▸ **Exercise material**:
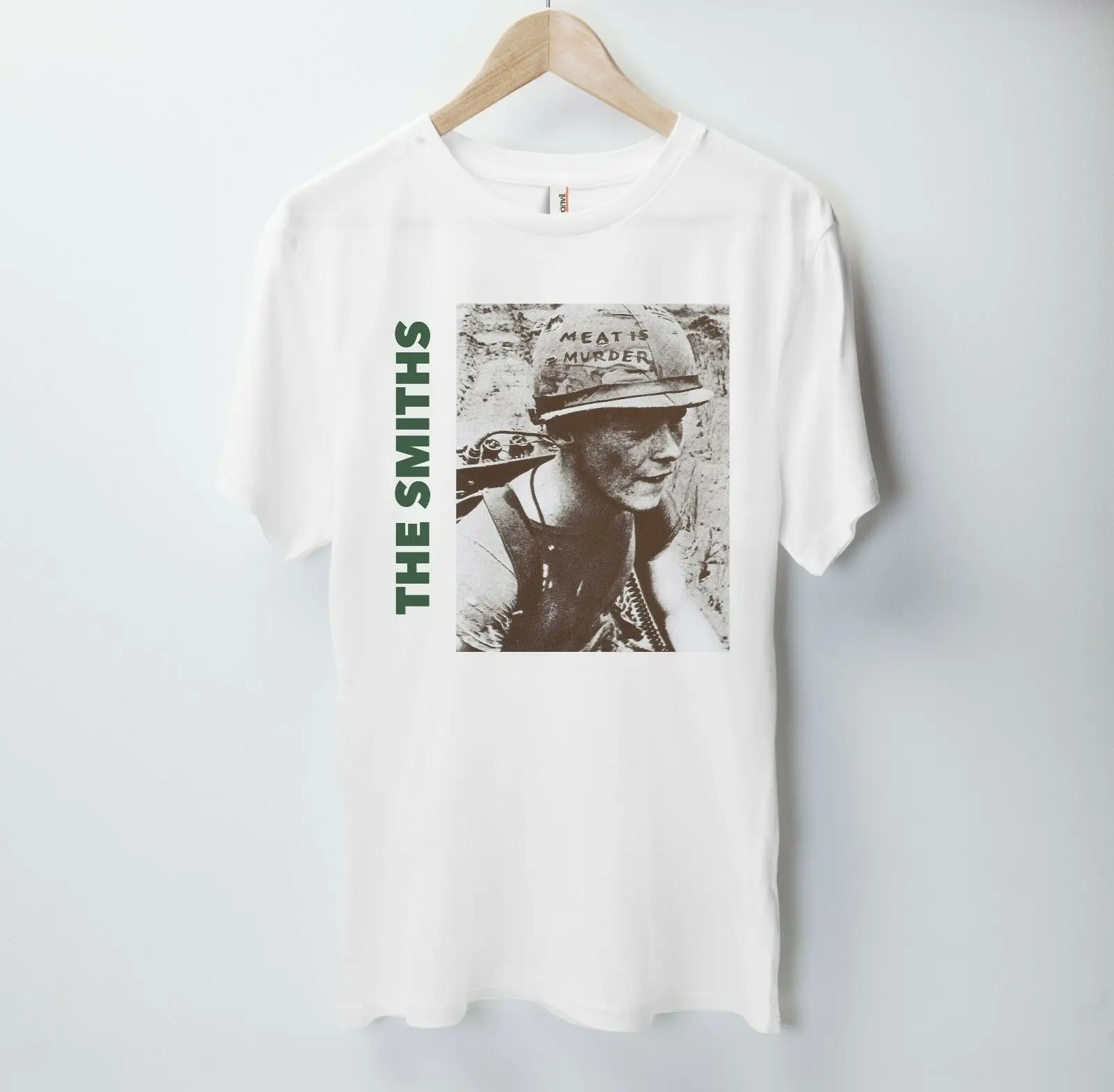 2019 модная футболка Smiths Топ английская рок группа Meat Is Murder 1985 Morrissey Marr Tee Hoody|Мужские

...

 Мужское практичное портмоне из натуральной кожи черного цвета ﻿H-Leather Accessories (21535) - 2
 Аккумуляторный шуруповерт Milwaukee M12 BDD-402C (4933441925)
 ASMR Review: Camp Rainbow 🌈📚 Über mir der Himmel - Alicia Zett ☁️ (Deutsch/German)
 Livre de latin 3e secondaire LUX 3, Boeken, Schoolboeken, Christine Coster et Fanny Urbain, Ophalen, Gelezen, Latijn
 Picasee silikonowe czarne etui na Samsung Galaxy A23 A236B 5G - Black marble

...

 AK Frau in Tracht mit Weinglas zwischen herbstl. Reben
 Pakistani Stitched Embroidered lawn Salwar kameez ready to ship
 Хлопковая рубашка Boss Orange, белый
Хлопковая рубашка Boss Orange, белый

▸ **Task brief**:
Begin at the line above that has "ASMR Review: Camp" and stop after the line that has "Picasee silikonowe czarne", copying each line exactly and adding nothing else.

▸ **Solution below**:
 ASMR Review: Camp Rainbow 🌈📚 Über mir der Himmel - Alicia Zett ☁️ (Deutsch/German)
 Livre de latin 3e secondaire LUX 3, Boeken, Schoolboeken, Christine Coster et Fanny Urbain, Ophalen, Gelezen, Latijn
 Picasee silikonowe czarne etui na Samsung Galaxy A23 A236B 5G - Black marble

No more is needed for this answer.